The good news is that thanks to a loan from the candidate, they still ultimately brought in more money. Afghan and Iraq vet Kevin Strouse raised $115,193 in donations yet also loaned $50,000 to his campaign bringing his total receipts to $165,193.

Strouse also benefitted from his ties to party leadership, receiving $4,000 from Steny Hoyer after his personal visit and another $3,000 from Nancy Pelosi’s group “PAC to the Future”.

He spent a total of $73,319 during the first quarter of 2014. The campaign used $7,000 and $3,000 respectively for the political consulting services of the Global Strategy Group and MGB Development.

The most important advantage Strouse still has, however, is his lead over Naughton in cash on hand. For all her fundraising success, Naughton increased her COH by only about $30,000 compared to the last quarter, while Strouse increased his COH by about $90,000.

At the moment, the Strouse campaign has $563,574 cash on hand, more than double Naughton’s current amount.

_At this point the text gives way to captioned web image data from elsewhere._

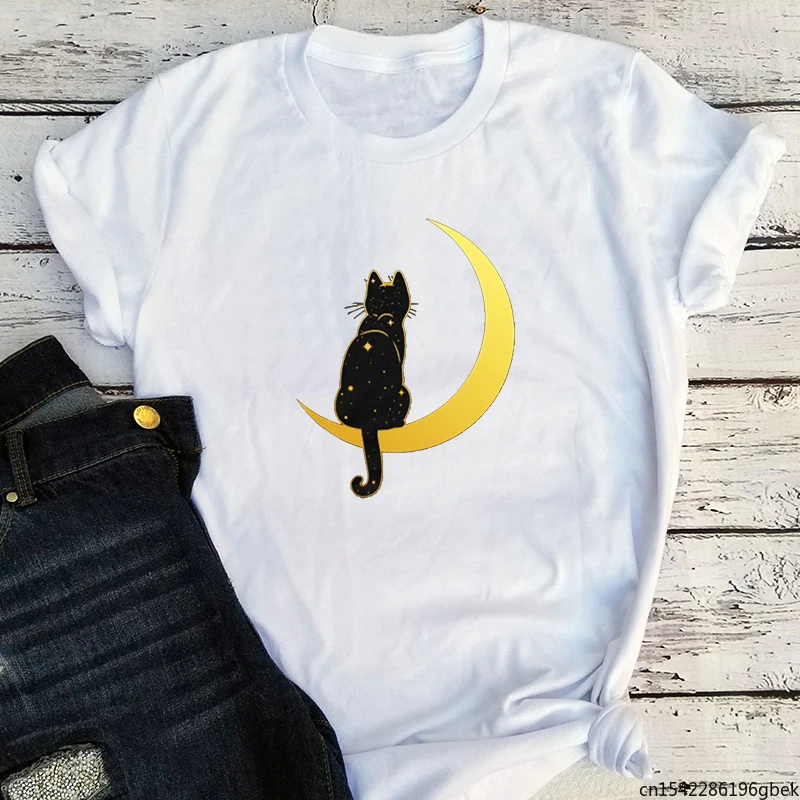 

Cat In The Moon T-shirt Unisex Aesthetic Women Gift for Her Him Best Friend Gift Graphic Goth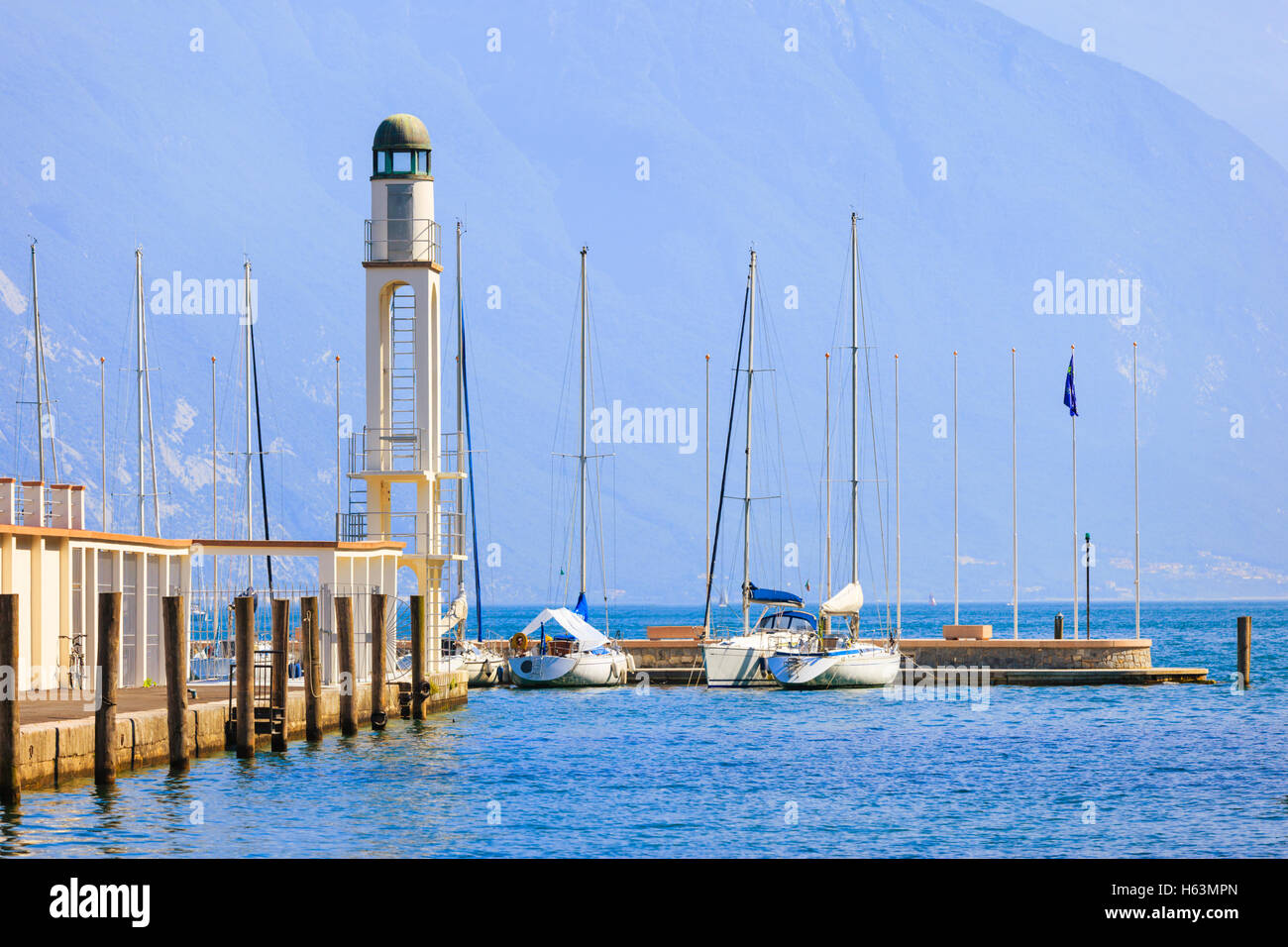 Fragment der Hafen von Riva del Garda Stockfoto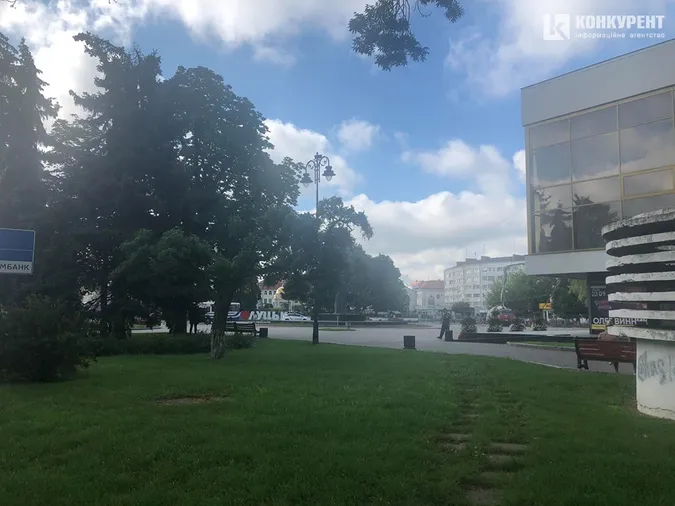 У Луцьку невідомий взяв у заручники пасажирів автобуса і погрожує підірвати (фото)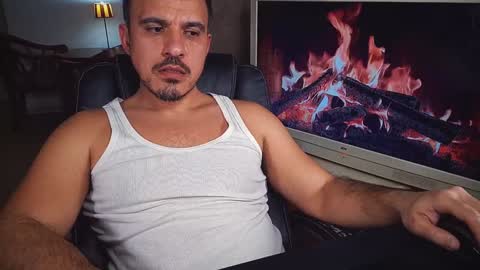 Snapshot of officeman7 chatting on 01.30.25 officeman7 online show from 01.30.25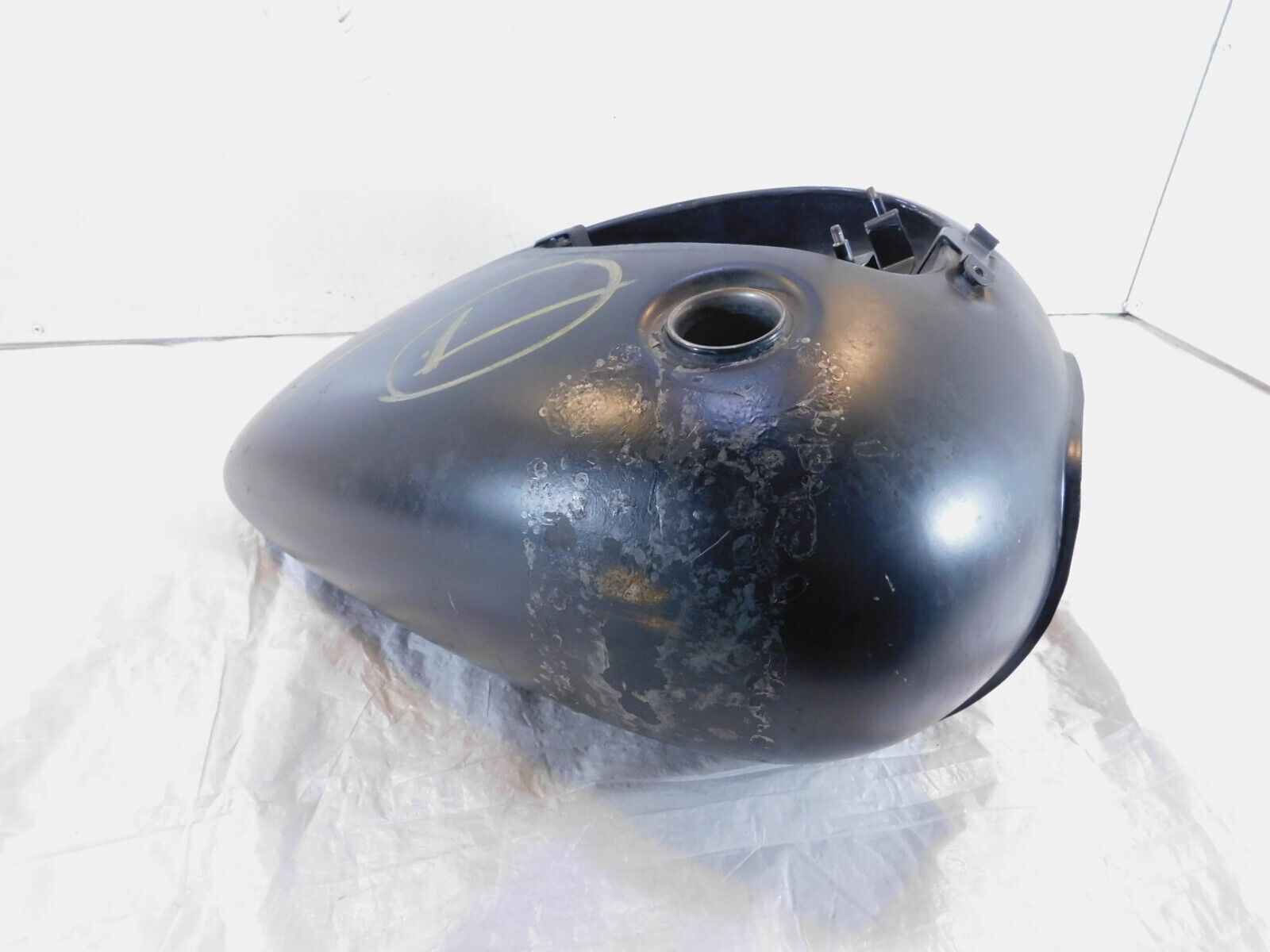 V star sale 1100 gas tank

April 16th, 2014 | Posted in Congress, Front Page Stories, Top Stories | 2 Comments

2 thoughts on “PA-8: Naughton Outraises Strouse, Fitzpatrick Surpasses Both in Q1”

  1. sober tom says:

    while you dwell in your Mom’s basement, typing idiotic comments about the Dems, pls be fair and balanced…. after all, Fitzie’s political contributions come from bankers and lawyers that oh just happen to benefit from muncipal bond transactions….coincidence? Or maybe just a clever way to generate revenue for their big fat investment firms.

  2. clutch cargo says:

    Harsh comment on Strouse’s new make-work job that suddenly appeared the minute he first set foot in the 8th district??

    Perhaps.

    How about all the donations family members makes to other Democrat congressmen in other states … who then funnel that exact same amount to Strouse’s campaign.

    Coincidence?

    Or maybe just a clever way to get around campaign laws.